The best kinds of loft in the patchwork world is Low to Medium. This kind of batting adds texture, gives enough “puff”, and provides some warmth, while still easy to handle and lovely to use.
This is the batting’s ability to regain its original shape – how quickly it can spring back when unfolded and how it resists creasing. Wool fibre is great for this.
Warmth & Absobency: Cotton battings absorb moisture, making them cool in the summer and warm in the winter. Wool battings provide warmth with little weight.
Washability & Shrinkage
Polyester and wool battings resist shrinking, while cotton can shrink from 3 to 5 percent. Some quilters prefer the puckered, antique look that results when batting shrinks.
Should you pre-wash your batting prior to quilting?
Generally – NO. Espeicially wool.
It’s best to only wash your quilt when it is ALL finished, so the fibres in the batting are encased inside your fabric and not exposed – to avoid damaging the batting.
If you really must avoid shrinkage, you can pre-wash cotton and bamboo batting – but NOT wool – because it can turn into felt. In any case, shrinkage isn’t an issue for wool and poly batting.
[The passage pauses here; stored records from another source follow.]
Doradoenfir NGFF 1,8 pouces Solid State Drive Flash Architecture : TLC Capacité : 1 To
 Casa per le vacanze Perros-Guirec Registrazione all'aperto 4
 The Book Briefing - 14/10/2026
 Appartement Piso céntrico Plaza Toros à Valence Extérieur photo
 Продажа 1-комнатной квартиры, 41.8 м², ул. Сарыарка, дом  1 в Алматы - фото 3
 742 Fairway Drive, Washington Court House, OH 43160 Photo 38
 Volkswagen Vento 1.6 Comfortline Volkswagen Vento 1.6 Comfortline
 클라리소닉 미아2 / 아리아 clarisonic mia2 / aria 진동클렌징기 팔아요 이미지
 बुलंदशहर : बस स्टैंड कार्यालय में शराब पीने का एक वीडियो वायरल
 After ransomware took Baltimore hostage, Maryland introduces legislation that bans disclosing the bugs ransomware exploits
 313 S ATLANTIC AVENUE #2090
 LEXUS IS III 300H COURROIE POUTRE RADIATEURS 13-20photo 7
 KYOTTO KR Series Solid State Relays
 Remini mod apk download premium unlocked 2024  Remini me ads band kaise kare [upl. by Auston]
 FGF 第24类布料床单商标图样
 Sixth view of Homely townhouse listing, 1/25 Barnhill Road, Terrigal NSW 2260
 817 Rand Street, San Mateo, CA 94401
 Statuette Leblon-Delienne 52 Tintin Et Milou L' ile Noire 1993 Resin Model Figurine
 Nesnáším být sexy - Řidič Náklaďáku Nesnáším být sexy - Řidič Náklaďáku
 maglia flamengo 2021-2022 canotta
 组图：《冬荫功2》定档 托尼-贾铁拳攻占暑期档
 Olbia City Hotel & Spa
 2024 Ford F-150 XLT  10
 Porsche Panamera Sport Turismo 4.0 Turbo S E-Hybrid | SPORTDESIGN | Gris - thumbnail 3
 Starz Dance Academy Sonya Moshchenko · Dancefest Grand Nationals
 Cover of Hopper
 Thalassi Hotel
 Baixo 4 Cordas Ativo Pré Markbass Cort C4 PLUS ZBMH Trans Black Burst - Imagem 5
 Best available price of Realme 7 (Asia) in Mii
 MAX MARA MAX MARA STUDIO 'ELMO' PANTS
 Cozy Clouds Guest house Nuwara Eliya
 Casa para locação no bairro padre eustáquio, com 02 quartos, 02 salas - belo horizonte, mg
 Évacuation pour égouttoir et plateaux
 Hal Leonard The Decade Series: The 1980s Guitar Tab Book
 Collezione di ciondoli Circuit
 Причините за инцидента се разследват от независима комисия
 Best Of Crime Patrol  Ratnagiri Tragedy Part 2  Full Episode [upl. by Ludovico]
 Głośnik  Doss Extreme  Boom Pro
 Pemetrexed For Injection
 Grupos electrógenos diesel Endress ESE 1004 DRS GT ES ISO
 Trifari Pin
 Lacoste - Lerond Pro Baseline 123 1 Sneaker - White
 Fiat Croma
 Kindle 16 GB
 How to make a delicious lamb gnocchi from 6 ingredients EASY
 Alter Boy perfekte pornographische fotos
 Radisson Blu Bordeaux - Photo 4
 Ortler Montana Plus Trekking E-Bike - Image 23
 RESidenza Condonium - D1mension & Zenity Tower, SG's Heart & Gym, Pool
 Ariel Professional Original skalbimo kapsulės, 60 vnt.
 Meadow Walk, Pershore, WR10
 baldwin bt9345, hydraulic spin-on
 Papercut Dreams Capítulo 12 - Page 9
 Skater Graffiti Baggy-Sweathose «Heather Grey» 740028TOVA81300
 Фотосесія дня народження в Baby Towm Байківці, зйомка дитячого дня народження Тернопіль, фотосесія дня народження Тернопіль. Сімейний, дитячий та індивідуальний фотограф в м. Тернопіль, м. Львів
Here’s how to prewash cotton / bamboo batting:
- Use cool water and mild detergent, soak for 15 mins
- Squeeze out excess moisture by rolling in a dry towel
- Then air-dry by lying flat. Expect about 4% to 8% shrinkage
Without pre-washing and pre-shrinking, you will achive a vintage, softly wrinkled look and feel in your finished quilt. This is a desired effect that makes cotton or bamboo batting popular among quilters!
Points to Consider
How Will Your Quilt Be Quilted?
Will you machine quilt it? Or hand quilt it?
Generally, hand quilters prefer battings that do NOT contain scrims – which means the traditionally preferred choice for hand quilting would be bonded battings.
Though some of the modern needle-punched battings now contain a very fine scrim, and some quilters are happy to hand quilt – especially with large running stitch in perle cotton.
For machine quilting, needle-punch battings tend to be easier to handle because the scrim gives body and structure to your batting, and holds the shape better.
How Will Your Quilt Be Used?
Before you make your final batting choice, consider how your quilt will be used.
Is it a baby quilt that will be washed and dried extensively? Will it be placed on a child’s bed and get pulled and tugged? Or, are you making a wall hanging that needs to maintain sharp, crisp corners?
Or are you making a quilt that you want to drape loosely over a bed and tuck beneath the pillows? Is it an heirloom project that will be used sparingly and only laundered once every few years? Or is it a decorative item that will never be washed? Is it a table runner that needs to lie extremely flat?
These are the considerations that will help you make the right decisions.
How Much Batting to Buy?
Most of the time quilt batting is sold by the meter, off a roll. You can also buy pre-cut bed size portions.
Unlike doonas and sheets – batting sizes are NOT standard, and there is no such thing as exact measurements. Because patchowrok quilts tend to be generous compared to mattress or bed size, and people often want some over-hang when the quilt is finished.
Most importantly – you always need to allow some excess for trimming after quilting.
Measure the width of your quilt top. Add 4-6 inches each side to the measurement and this should be enough.
If you plan to make a few quilts, it is always BEST value to order by the whole roll.